Mais, en réalité, ce n'est pas la sociologie de Marx qui intéresse Staline, mais le monopole de la bureaucratie. Ce n'est pas du tout la même chose. Toute bureaucratie ouvrière, même quand elle ne possède pas le pouvoir d'État, est portée à estimer qu'il n'y a pas dans la classe ouvrière de « terrain favorable » pour une opposition. Les chefs du Labour Party chassent les révolutionnaires des trade‑unions sous prétexte qu'il n'y a pas, dans le cadre d'une classe ouvrière « unie », de place pour la lutte entre partis.
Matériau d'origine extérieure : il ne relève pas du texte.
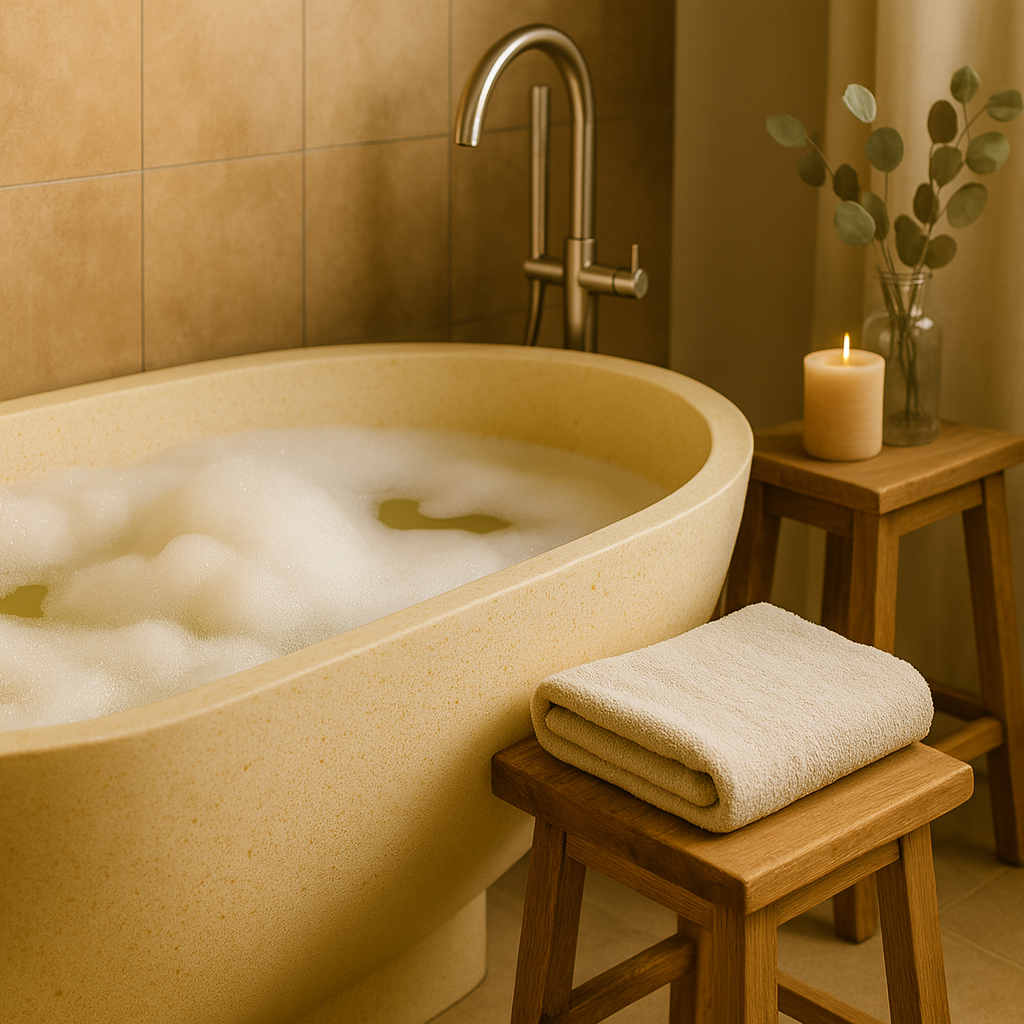 Warm cozy bathroom with a candle and a towel.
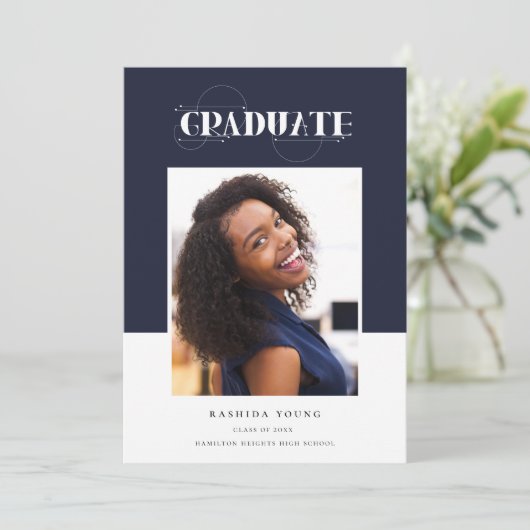 Tijdelijke geometrische Afstuderen Save The Date (Staand voorkant)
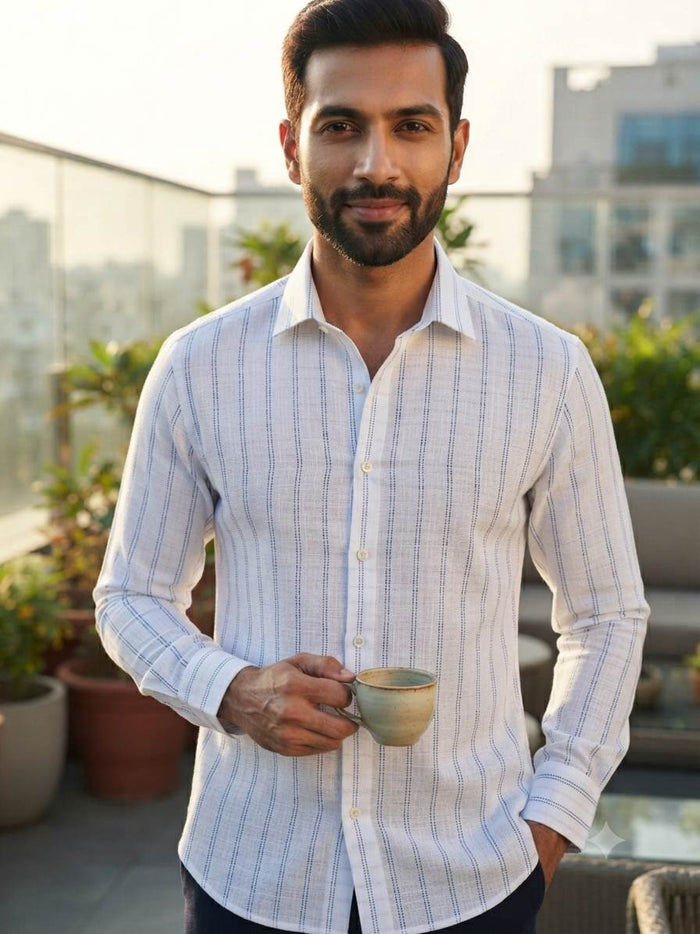 Off white  with Blue Striped Cotton-Linen Blend cotton linen fabric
MM. Vandervelde, Léon Blum Jouhaux [9] et Cie, font de même. Cette façon d'agir ne leur est pas dictée par la métaphysique de l'unité, mais par les intérêts égoïstes de cliques privilégiées. La bureaucratie soviétique est infiniment plus puissante, plus riche et plus sûre d'elle‑même que la bureaucratie ouvrière des pays bourgeois. Les ouvriers hautement qualifiés jouissent en U.R.S.S. de privilèges qu'ignorent les catégories d'ouvriers les plus élevées d'Europe et d'Amérique. Et c'est cette couche sociale double ‑ la bureaucratie qui s'appuie sur l'aristocratie ouvrière ‑ qui gouverne le pays. Le parti dirigeant actuel en U.R.S.S. n'est pas autre chose que l'appareil politique d'une couche sociale privilégiée. La bureaucratie stalinienne a quelque chose à perdre et rien à gagner. Elle n'incline pas à partager ce qu'elle a. Elle tient à se réserver désormais le « terrain favorable » pour elle seule.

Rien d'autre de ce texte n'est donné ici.